Let’s first resolve this. Alvi and agha, two family surnames, were combined to create the name “Alvigha.”

Barbecue, karrhai, and handi are some of the dishes that are famously served at Alvigha, a restaurant in Karachi’s Gulshan-i-Iqbal neighbourhood. Just over two years ago, during the coronavirus pandemic, it opened its doors to the public and quickly became a huge success, primarily thanks to word of mouth.


Alvigha is located across from the well-known Samdani Hospital landmark in Gulshan-i-Iqbal Block 2 at the extremely busy intersection that links Yaseenabad and Federal B. Area with Gulshan-i-Iqbal.

Alvigha largely offers the same barbecue dishes that all other restaurants and eateries do, but what makes Alvigha “special”—and a restaurant that draws patrons like a magnet every day of the week—is the very affordable and generous barbecue platter on a bed of intensely aromatic barbecued rice.

The enormous stainless steel paraat (platter), which comes straight from the kitchen located someplace deep inside Alvigha, can feed a group of up to three very hungry eaters. The top is covered with aluminium foil.

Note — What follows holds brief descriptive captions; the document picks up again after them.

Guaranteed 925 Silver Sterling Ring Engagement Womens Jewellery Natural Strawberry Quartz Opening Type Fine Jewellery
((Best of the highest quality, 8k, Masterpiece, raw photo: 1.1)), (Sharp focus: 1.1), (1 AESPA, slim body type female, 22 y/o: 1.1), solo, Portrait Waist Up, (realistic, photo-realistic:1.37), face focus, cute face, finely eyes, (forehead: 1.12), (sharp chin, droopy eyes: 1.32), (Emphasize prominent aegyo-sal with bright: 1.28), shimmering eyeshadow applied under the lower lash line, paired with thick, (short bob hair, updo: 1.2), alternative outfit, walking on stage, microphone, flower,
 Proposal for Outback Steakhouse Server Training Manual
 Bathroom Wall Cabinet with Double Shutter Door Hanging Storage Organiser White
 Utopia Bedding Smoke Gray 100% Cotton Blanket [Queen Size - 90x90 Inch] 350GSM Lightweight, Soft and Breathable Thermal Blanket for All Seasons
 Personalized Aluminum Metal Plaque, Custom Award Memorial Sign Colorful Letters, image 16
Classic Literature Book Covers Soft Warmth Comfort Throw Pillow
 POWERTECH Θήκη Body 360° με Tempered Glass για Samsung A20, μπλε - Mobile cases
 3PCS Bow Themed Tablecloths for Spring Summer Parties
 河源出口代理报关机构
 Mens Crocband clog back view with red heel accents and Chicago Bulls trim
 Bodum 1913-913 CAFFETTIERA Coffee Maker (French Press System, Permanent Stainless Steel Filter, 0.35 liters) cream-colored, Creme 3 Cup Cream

If there’s anything good to come out of the 

 coronavirus pandemic it’s Alvigha, a success

story orginating in a moment in time

otherwise marked by doom and gloom

The juicy, tender, and soft to the touch barbecued pieces of chicken are served in tiny plastic containers with a side of tangy imli chutney (tamarind sauce), substantial portions of barbecued rice, and a flame-grilled ripe tomato. To maintain hygiene, the stainless steel cutlery that is offered at tables is packaged in plastic bags. With regard to the calibre of the food and the value-added services, it certainly checks all the boxes.


Around us, excited eaters could be seen tucking into their meals after patiently waiting the allotted 25 minutes between placing an order and having it served.

Some of the patrons that were seated revealed that they frequently (once, occasionally even twice a week, especially on weekends) visited Alvigha to eat their barbecue platters. They claimed that what keeps them coming back is the high calibre of the cuisine and the low, extremely affordable costs.


Besides the platters, the chicken karrhai is also quite popular and although we haven’t sampled it yet, there’s reason to believe we most certainly won’t be disappointed.

The busy thoroughfare cutting through the Gulshan-i-Iqbal food street
The photographer and I weaved our way out of the crowded parking lot and started the tiresome task of finding our way out of there before meandering through the rather heavy traffic to reach our respective destinations after paying our bill for the food (yes, we critics do pay for our food) and a generous tip for our server.
The frightening crowds that were all around us, whether they were in the parking lot, the busy roadway, or the Alvigha open-air dining area, were a little too much for us to handle all at once.You feel alive and vigorous in such a hectic, overactive environment, which also has its own demands and benefits. At Alvigha, you can’t help but have the impression that life is beckoning you—how you respond is totally up to you.